Pretraining leverages SimDINOv2, a non-contrastive teacher-student SSL framework with multi-view augmentation (global/local crops, lead dropout, baseline wander simulation, amplitude scaling, multiplicative jitter). The student network matches teacher representations across views, regularized by coding rate to maximize feature diversity.
Figure 2: xECG achieves the highest BenchECG score and mean rank across all tasks, outperforming transformer and CNN-based models in both fine-tuning and linear probing.
Empirical Results and Comparative Analysis
xECG achieves the highest BenchECG score (0.868±0.0030) and mean rank ($1.50$ for fine-tuning, $1.20$ for linear probing), outperforming ST-MEM, ECG-JEPA, ECGFounder, and transformer baselines. xECG is the only model to perform strongly across all datasets and task types.
Long-Context Tasks
xLSTM-based models, especially xECG, excel in tasks requiring extended temporal context:
- Sleep Apnea Segmentation: xECG AUROC 0.932±0.014 (vs. ST-MEM 0.702±0.020).
- MIT-BIH Arrhythmia Classification: xECG F1 0.677±0.025 (vs. ST-MEM 0.644±0.007).
Linear probing reveals that xECG's pretrained features are inherently better aligned with long-term dependencies, reducing the need for extensive task-specific adaptation.
Short-Context Tasks
On conventional 12-lead ECGs (PTB-XL, CPSC2018), performance differences are narrower after fine-tuning, but xECG maintains an advantage in linear probing, indicating superior representation quality.
Generalization Across Populations and Modalities
Computational Efficiency
xECG is substantially more efficient than transformer-based models:
- Finetuning Time: $5.1$ hours (xECG) vs. $26.1$ hours (ST-MEM) across all tasks.

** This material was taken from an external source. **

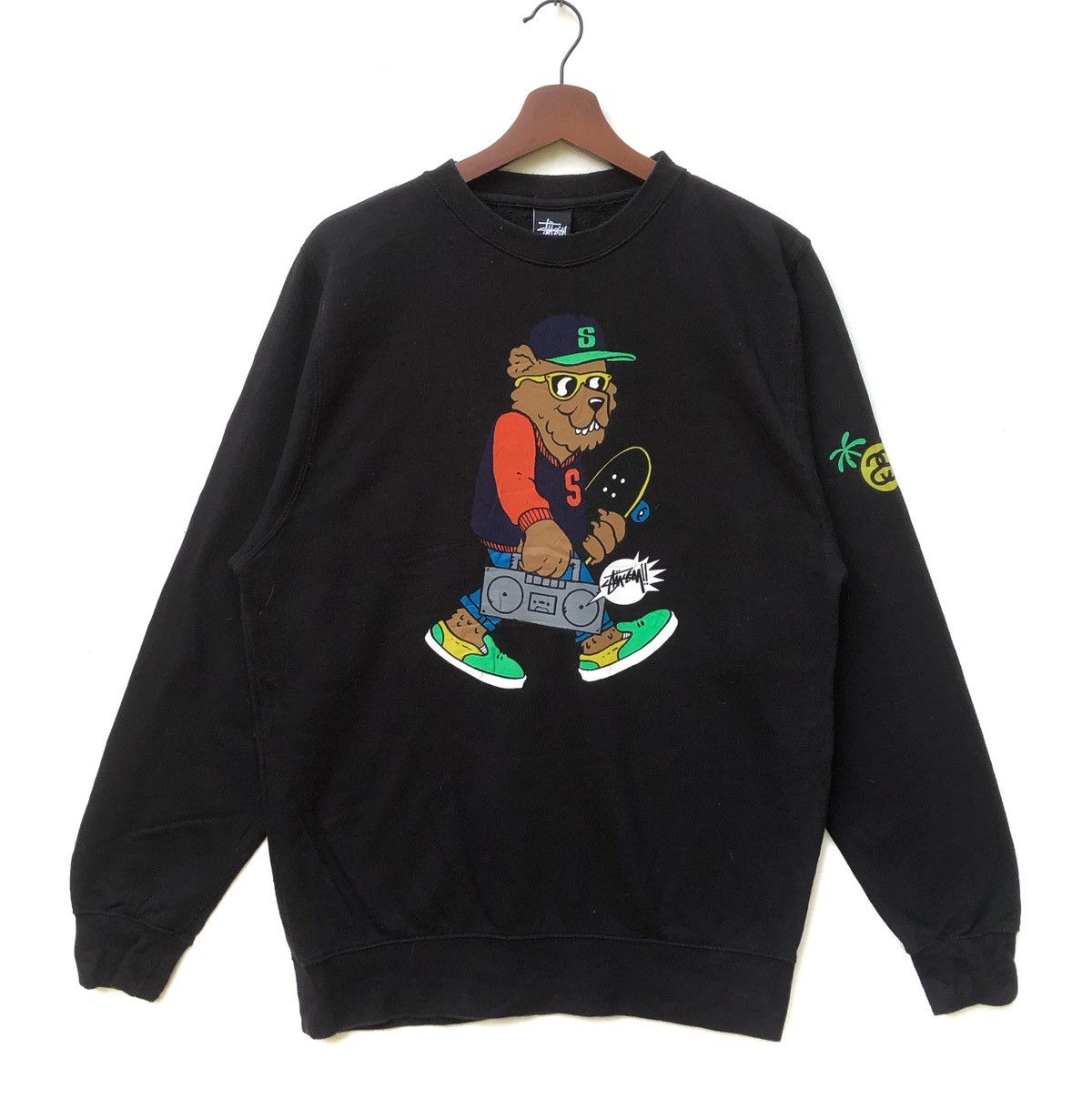 image of Stussy Skateboard Crewneck in Black, Men's (Size Medium)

- PTB-XL Task: $7$ min (xECG) vs. $67$ min (ST-MEM); $4.2$ GB (xECG) vs. $28.4$ GB (ST-MEM) memory usage.
Recurrent architectures provide linear scaling with input length, enabling practical deployment for long-duration ECGs and resource-constrained clinical environments.
Figure 4: xECG demonstrates superior runtime and memory efficiency for both fine-tuning and linear probing compared to transformer-based models.

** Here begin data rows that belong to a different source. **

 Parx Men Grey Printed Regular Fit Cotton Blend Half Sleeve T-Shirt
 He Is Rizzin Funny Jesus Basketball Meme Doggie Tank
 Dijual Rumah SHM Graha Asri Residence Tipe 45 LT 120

Discussion and Implications
BenchECG establishes a standardized, reproducible framework for evaluating ECG foundation models, facilitating robust model selection and driving architectural innovation. The results demonstrate that xLSTM-based models, particularly xECG, are well-suited for long-context physiological signal modeling, offering both superior generalization and computational efficiency.
Key implications:
- Model Selection: BenchECG enables informed selection of foundation models for novel cardiac applications based on task-specific performance.
- Architectural Trade-offs: Recurrent models (xLSTM) outperform transformers in long-context tasks and efficiency, while CNNs (ECGFounder) are limited in temporal resolution and generalization.

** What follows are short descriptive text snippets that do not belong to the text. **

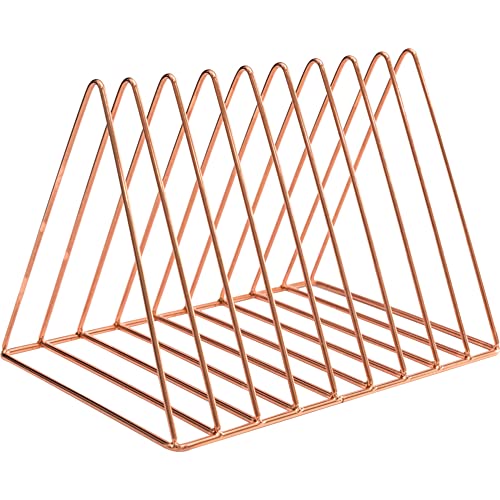 Sooyee 9 Slot Rose Gold Magazine Holder,Desktop File Sorter Organizer Triangle Bookshelf Decor Home Office - Image 5
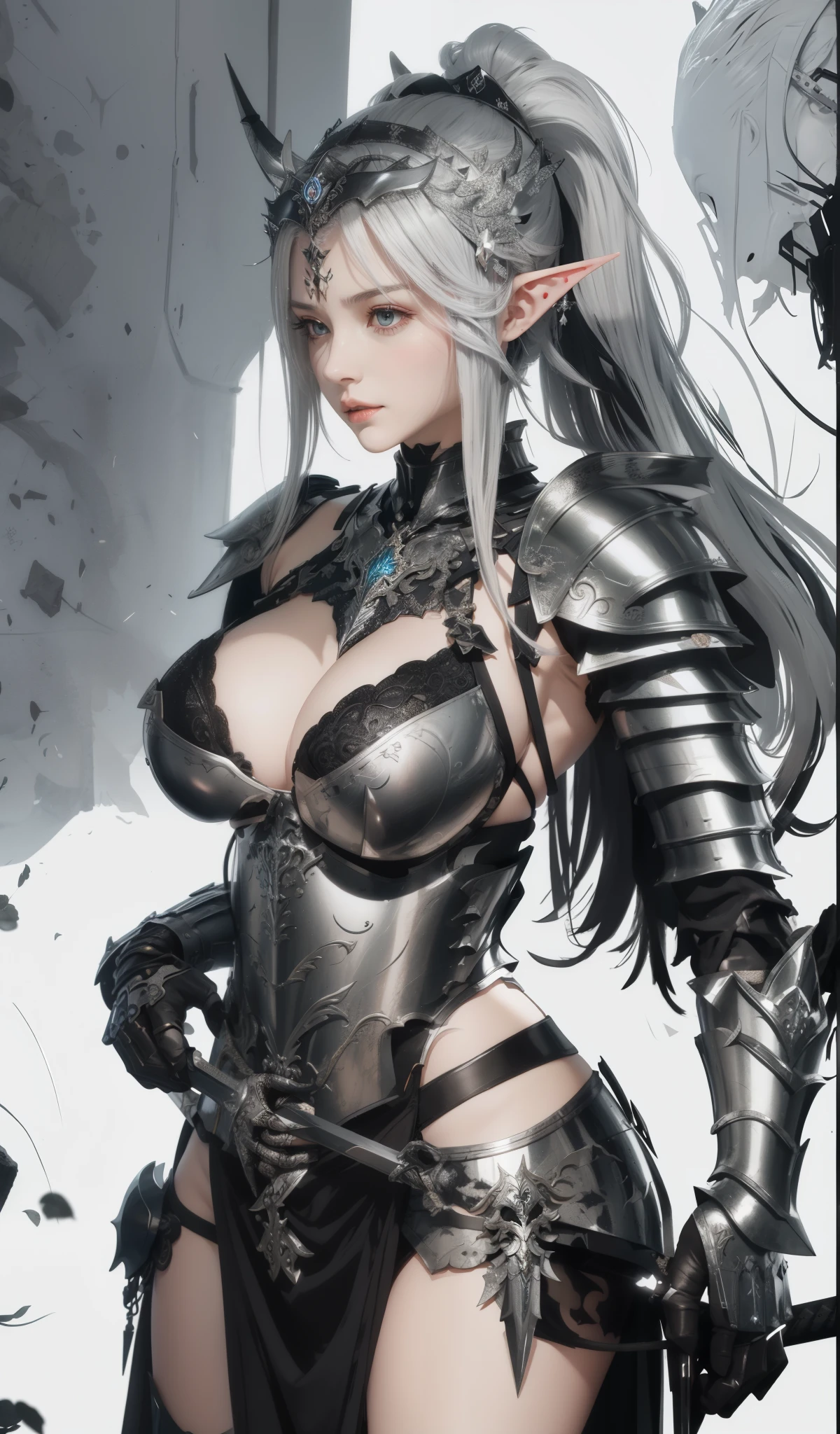 Completely different actions from the original picture，Exactly the same character，One in armor、Wearing a silver horned crown helmet、Drawing of elf woman holding sword,（black bra cloth), long elf ears,biomechanical oppai, Thick armor,Half eye patch, ornate bikini armor, wearing shining breastplate, Wearing armor!!,White long hair ponytail, a very beautiful violent woman, Covered in scaled armor, Armor Maiden, is dressed in armor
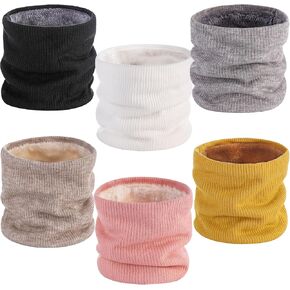 6pcs Winter Neck Warmer for Men Women,Knitted Thermal Fleece Neck Gaiter Windproof Face Cover Ski Mask in Kuwait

- Pretraining Strategies: SimDINOv2 SSL yields robust, transferable representations, especially in low-data and OOD scenarios.
- Clinical Translation: xECG's generalization across populations and modalities supports its potential for real-world deployment, though prospective clinical validation remains necessary.
Limitations include potential overfitting to benchmark datasets, variability in pretraining data across models, and the need for broader clinical utility assessment.
Conclusion
BenchECG provides a rigorous, standardized benchmark for ECG foundation models, addressing reproducibility and generalization challenges in cardiac AI. xECG, leveraging xLSTM architecture and SimDINOv2 SSL, sets a new baseline for ECG representation learning, achieving state-of-the-art performance, generalization, and efficiency across diverse tasks and populations. Future work should explore scaling pretraining, harmonizing pretraining datasets, and extending evaluation to prospective clinical settings.